*Credit: this article originally appeared in “The Australian” (26 June 2019)
By Alex Ryvchin
co-Chief Executive of the Executive Council of Australian Jewry.
The economic component of the Trump administration’s intensely awaited plan to achieve an end to the conflict between Israel and the Palestinians has been released.
Formally titled Peace to Prosperity, the proposal contains a three-pronged program of investment and reforms to transform the Palestinian economy and society through the injection of $US50 billion ($71.8bn) of foreign investment, opportunities for ordinary Palestinians in employment, education, even recreation, and the establishment of a transparent and competent Palestinian administration, without which businesses will have no confidence to invest and Palestinian institutions will continue to wither.
The plan assumes, correctly, that peace building and viable Palestinian self-government will require far more than glamorous signing ceremonies on manicured lawns. In offering unprecedented opportunities while maintaining diplomatic and economic pressure on the bloated, inert Palestinian leadership, US President Donald Trump has overthrown the old discredited order of attempting to get the Palestinians to negotiate in good faith by extracting upfront concessions from Israel.

Yet the latest proposal, astute as it may be, is destined to fail, just like more conventional diplomatic efforts of previous administrations. This is because the Trump plan, like all others, is founded on an irredeemable fallacy: that the Palestinian leadership wants to end the conflict.
Long before the Trump plan was tabled or its contents were revealed, it was predictably rejected out of hand by the Palestinian leadership. Any plan that promises to “empower the Palestinian people” and “improve the public sector’s ability to serve its people” is a threat to the status quo by which the leaders of the Palestinian movement have attained personal status and wealth while shedding all accountability to the people they claim to serve.
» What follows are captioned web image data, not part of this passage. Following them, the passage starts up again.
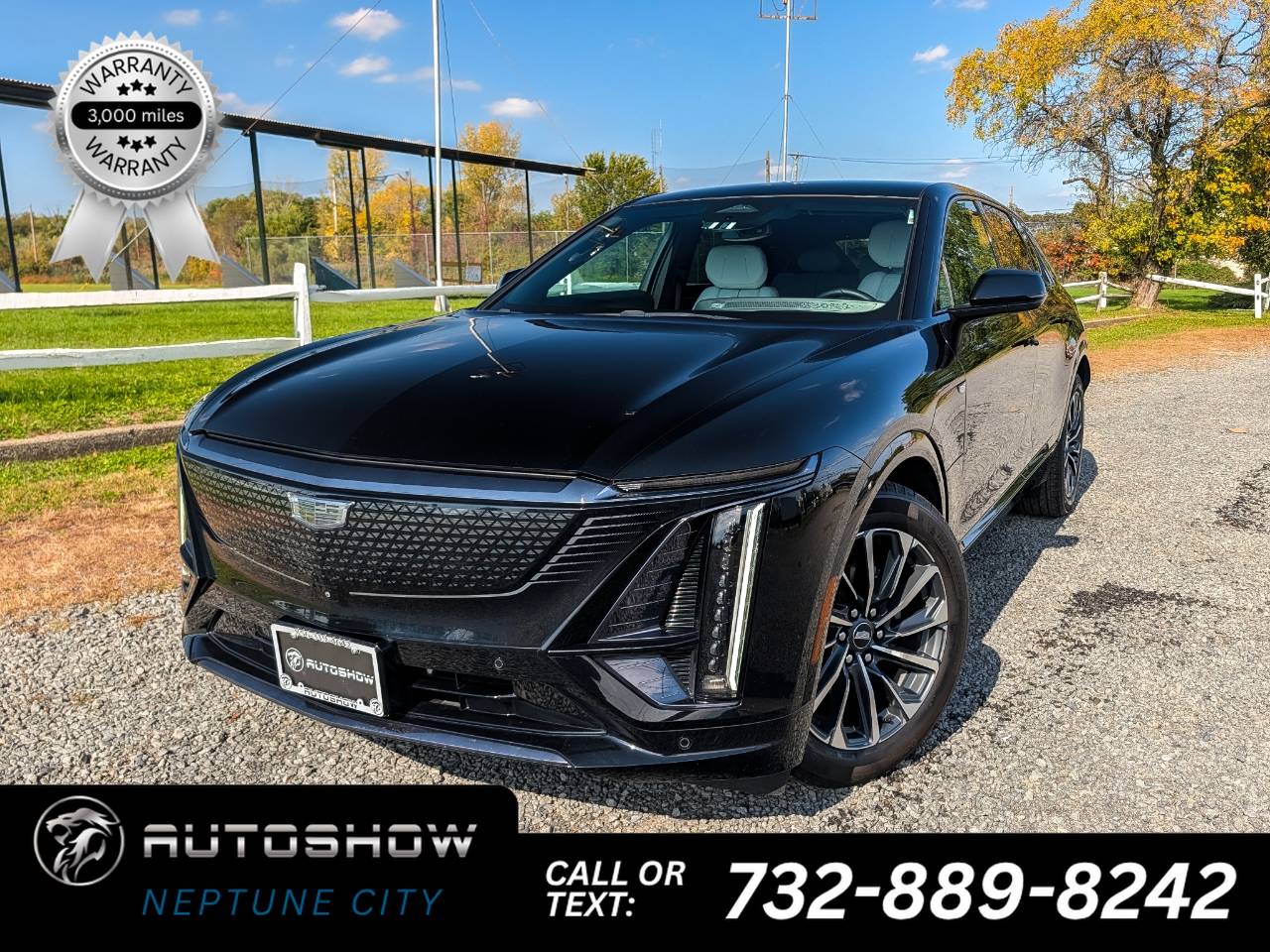 2024 Cadillac LYRIQ Sport 1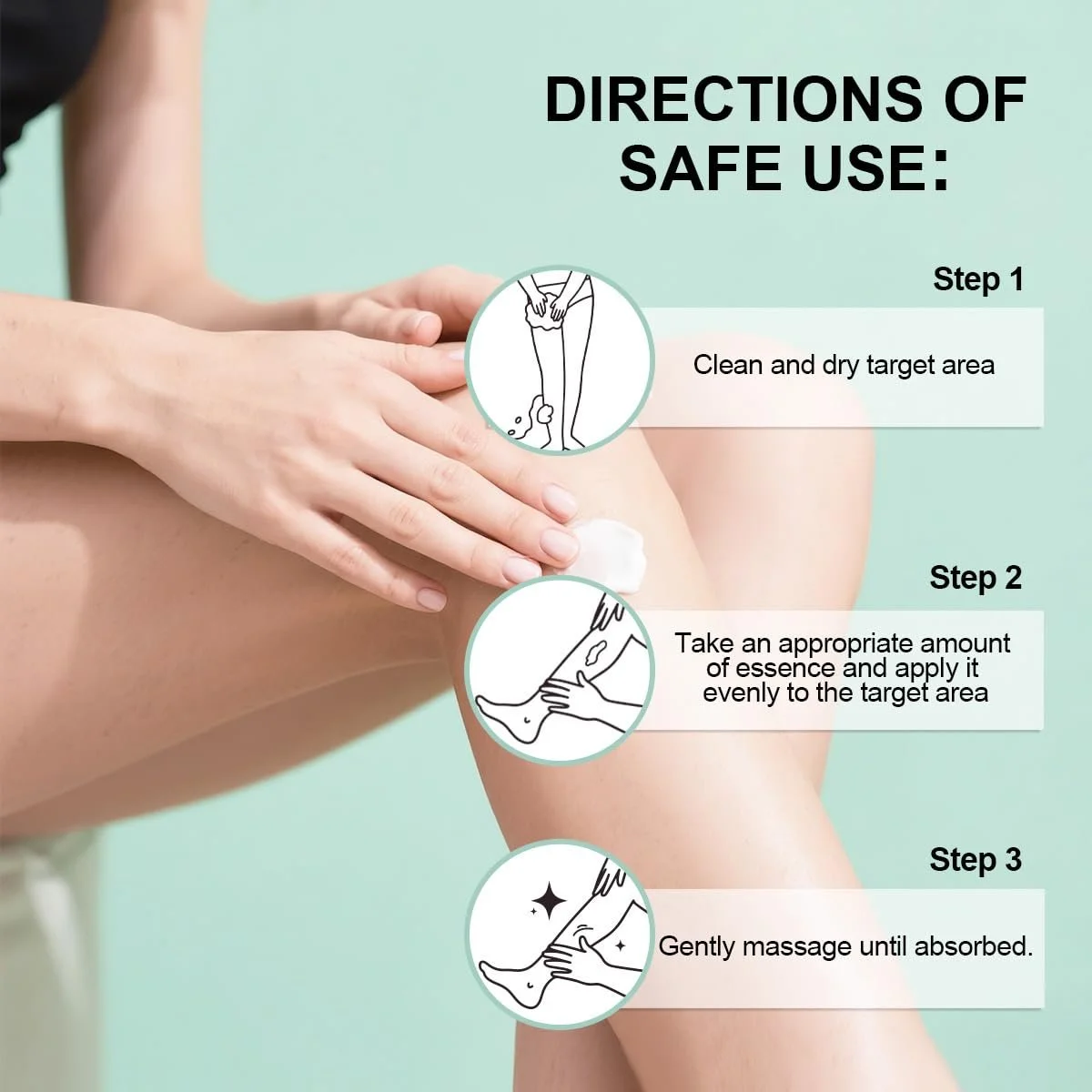 Крем для рук и ног Urea Cream 40% Callus Remover 150 г, фото №3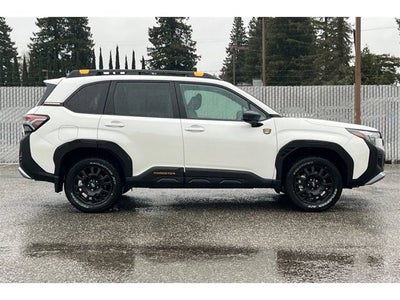 2026 Subaru FORESTER Wilderness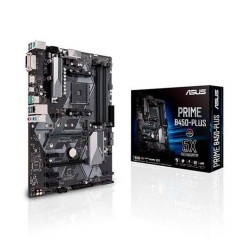 PLACA BASE ASUS AM4 PRIME B450-PLUS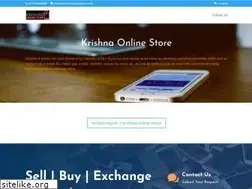 Sites similar to krishnaonlinestore.com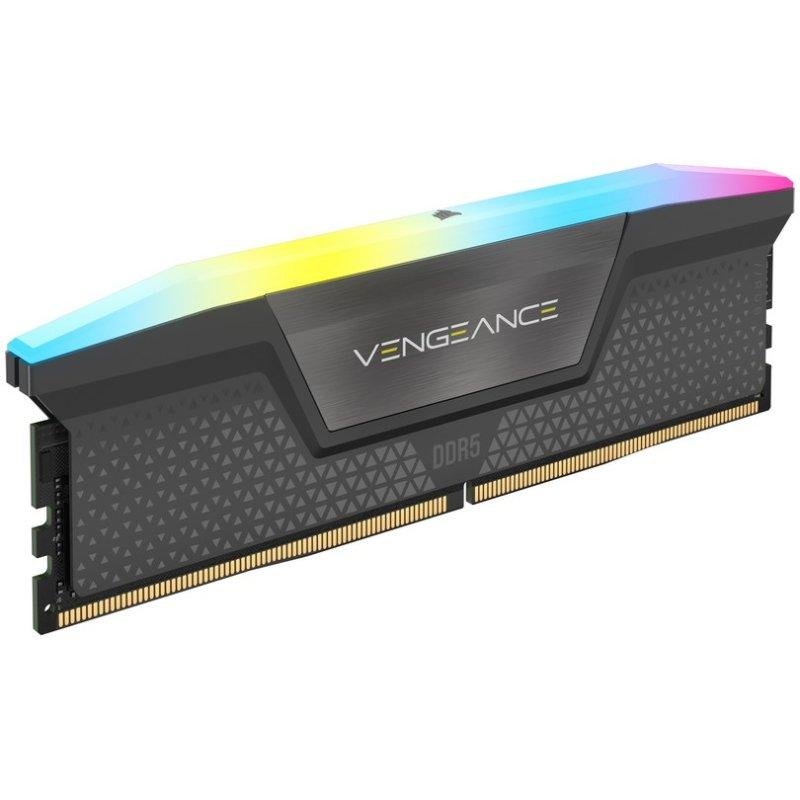 Thumbnail 1 de Corsair Vengeance RGB DDR5 16GB 5200MHz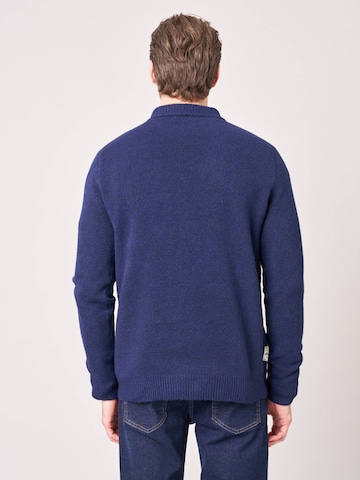 Pull-over Deeluxe en bleu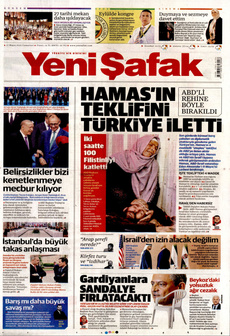Yeni Şafak 
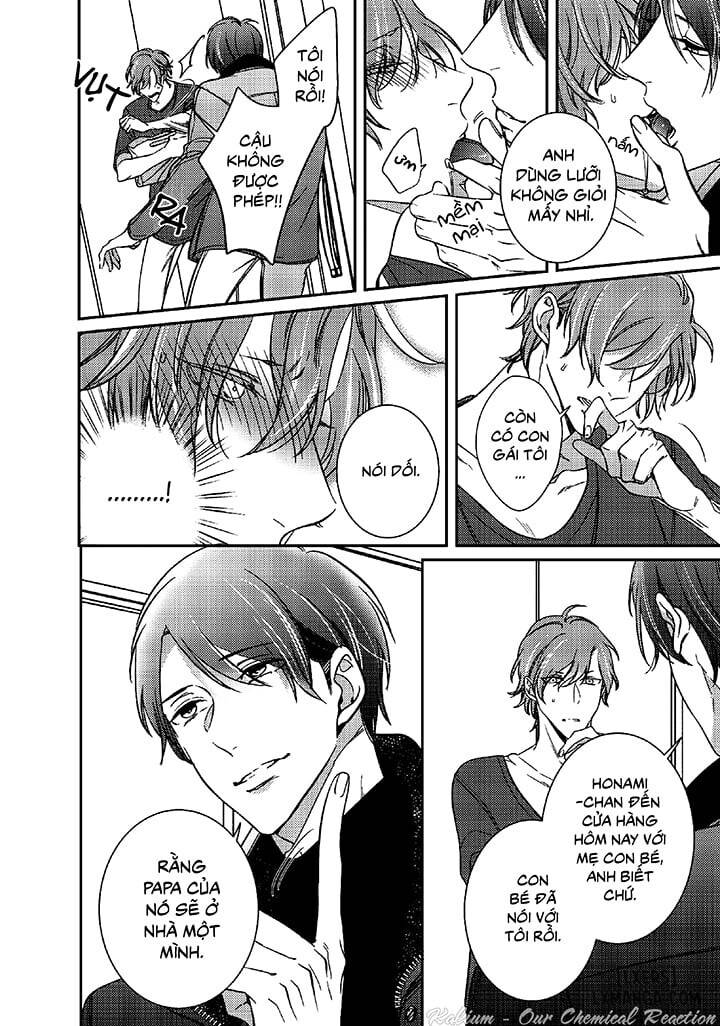 HentaiVN.net - Ảnh 24 - Papa Sex Caramelized - Chap 3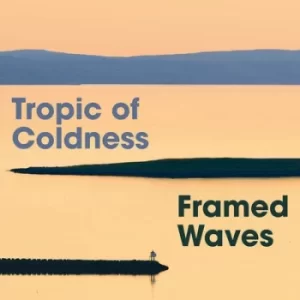 Image of Framed Waves by Tropic of Coldness CD Album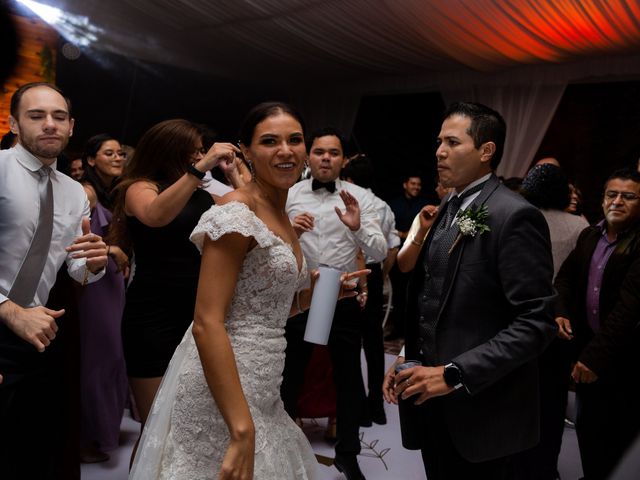 La boda de Javier y Miriam en Querétaro, Querétaro 352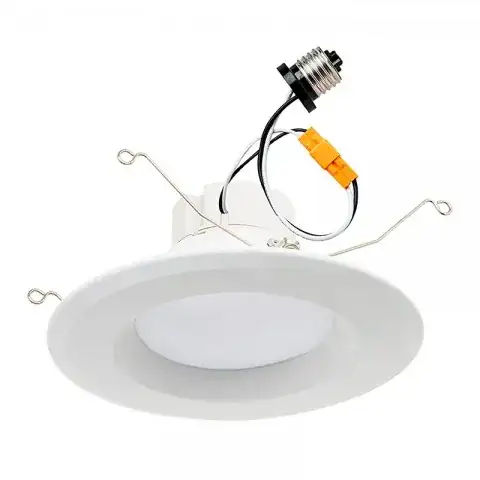 LED trim replacement module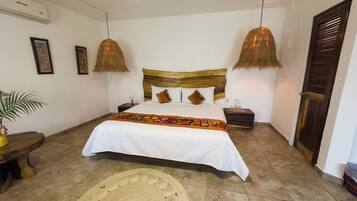 Habitación doble clásica | Ropa de cama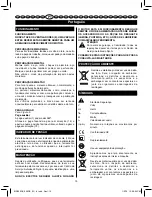 Preview for 19 page of Ryobi EID500RS User Manual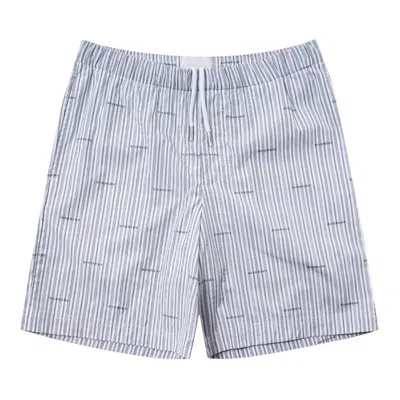 GIVENCHY GIVENCHY SHORTS 'GREY'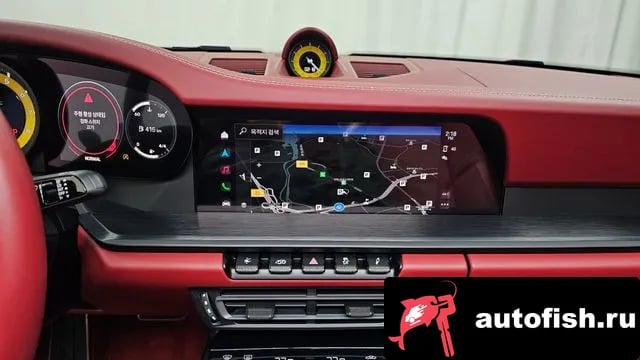 Porsche 911 911 (992) 2022 года - похожие автомобили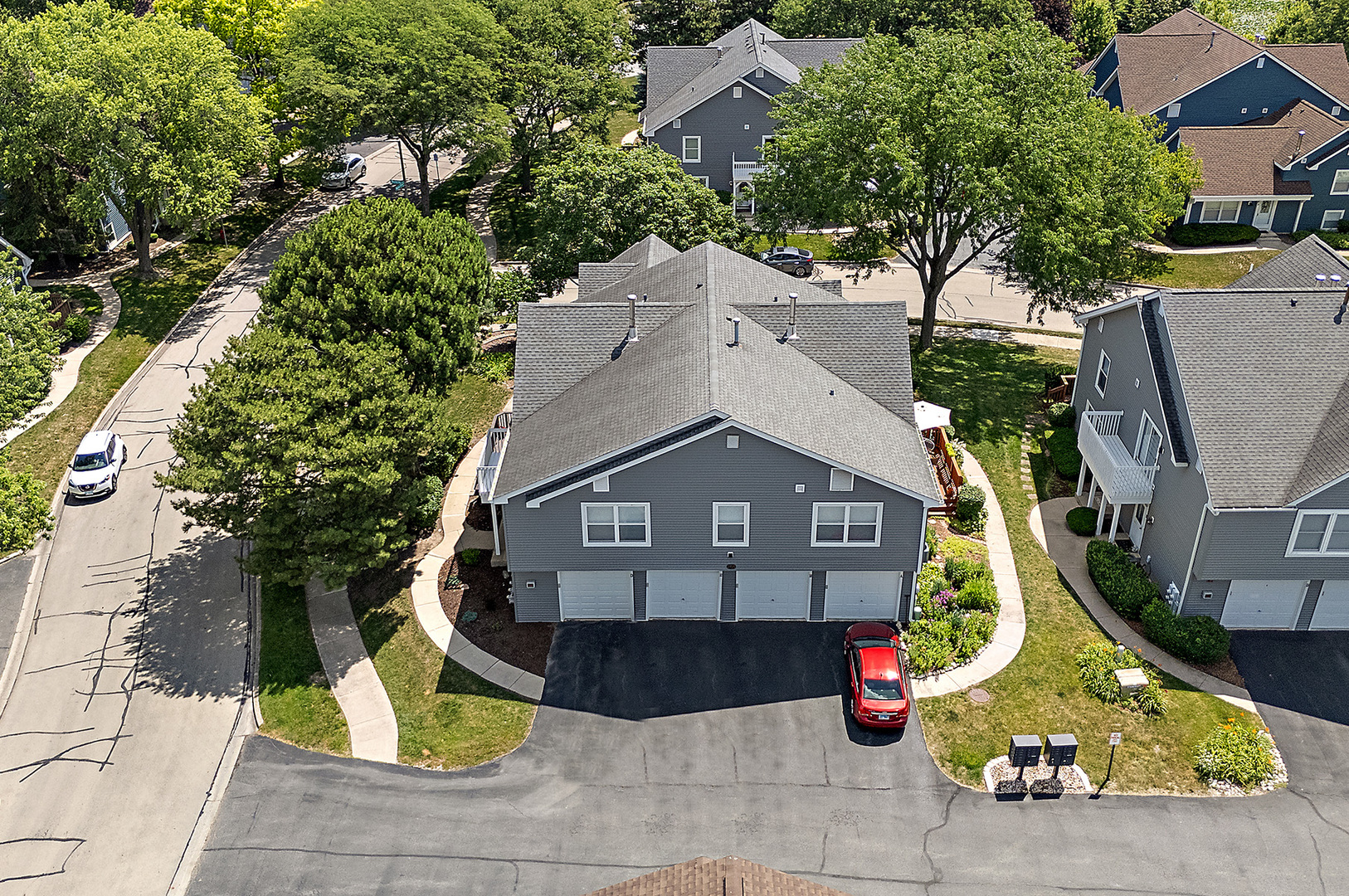 2725 Weeping Willow Drive #D, Lisle, IL 60532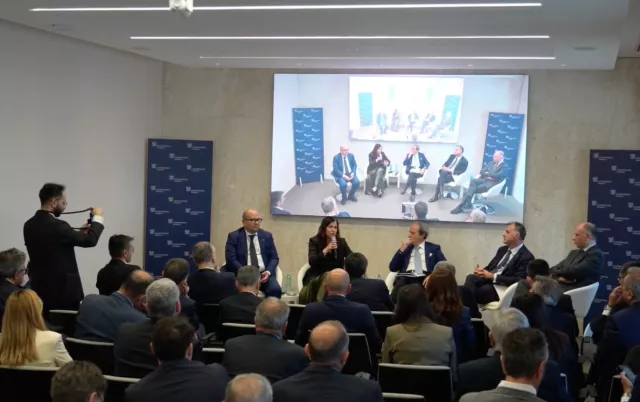 Incontro Confindustria
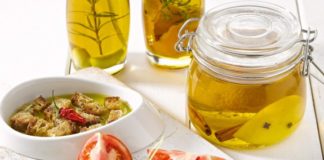 Πώς θα φτιάξεις αρωματικά ελαιόλαδα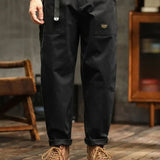 Chic Cargo Trousers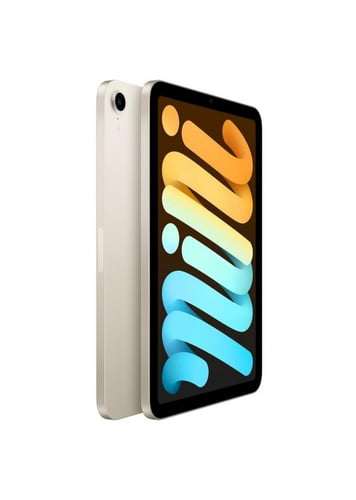 أبل أيباد ميني الجيل السادس، واي فاي، 8.3 بوصة، 25...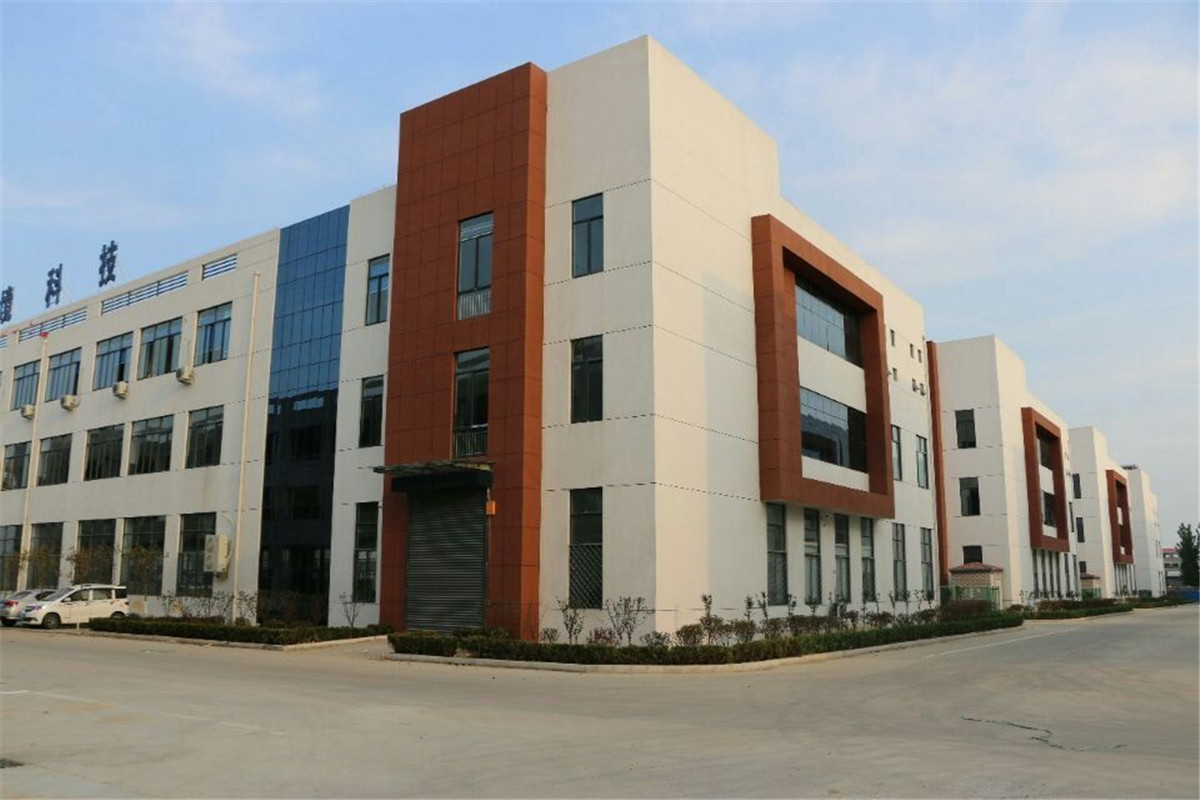 办公区及展厅介绍——湿腾电器山东工厂专题(一)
Saeb Erekat, the perennial “chief negotiator” for the Palestinians, announced a boycott of the regional conference in Bahrain at which the plan is being presented. Erekat’s three-decade career as a negotiator has resulted in three rejections of a two-state solution, which would have delivered the Palestinians statehood over territory equivalent in size to 100 per cent of the area of the West Bank and Gaza, with a capital in east Jerusalem, an end to the blockade of Gaza and a solution to the Palestinian refugee problem.
The equally longstanding and self-serving Palestinian legislator Hanan Ashrawi, who lauded Saddam Hussein for “standing up for Arab rights, Arab dignity, Arab pride” following Iraq’s invasion of Kuwait, and notoriously opposed the historic Oslo Accords because they recognised Israel, called the Bahrain conference “delusional, irresponsible” and “an insult to our intelligence”.
Ashrawi has a Sydney Peace Prize to her name and the adoration of Bob Carr and parts of the global left, but not a single, tangible legislative or diplomatic achievement in three decades of public life.
The petulant refusal of the Palestinian leadership to even consider a proposal intended to offer ordinary Palestinians an alternative to war, conflict and victimhood is a betrayal and a crime but is impeccably consistent with earlier Palestinian responses to international efforts aimed at giving them statehood.
When in 1937 the British first proposed resolving competing Jewish and Arab claims to the land through partition and the creation of a first-ever independent Arab Palestinian state, alongside a Jewish state on just 4 per cent of the British Mandate territory, the reaction of the Palestinian leadership was an outright “no”, backed by widespread violence and calls for the “liberation of the country and establishment of an Arab government”.
When the UN held consultations throughout the country in 1947, again seeking to mediate peacefully rival claims to the land, the Arab leaders boycotted the proceedings.
Periodically, some Palestinian leaders have admitted that their strategy of boycott backed by violence has been utterly ruinous. Palestinian jurist Henry Cattan admitted the 1947 boycott had been “unfortunate”.
Palestinian unionist Majdi Shella admitted the Palestinians “have a long tradition of boycotting everything. Sometimes boycotting is the easier road. If you want to do nothing, boycott.”
Yet the Palestinians have refined their instinct for rejection and political self-immolation to such an extent that they appear to know no other path.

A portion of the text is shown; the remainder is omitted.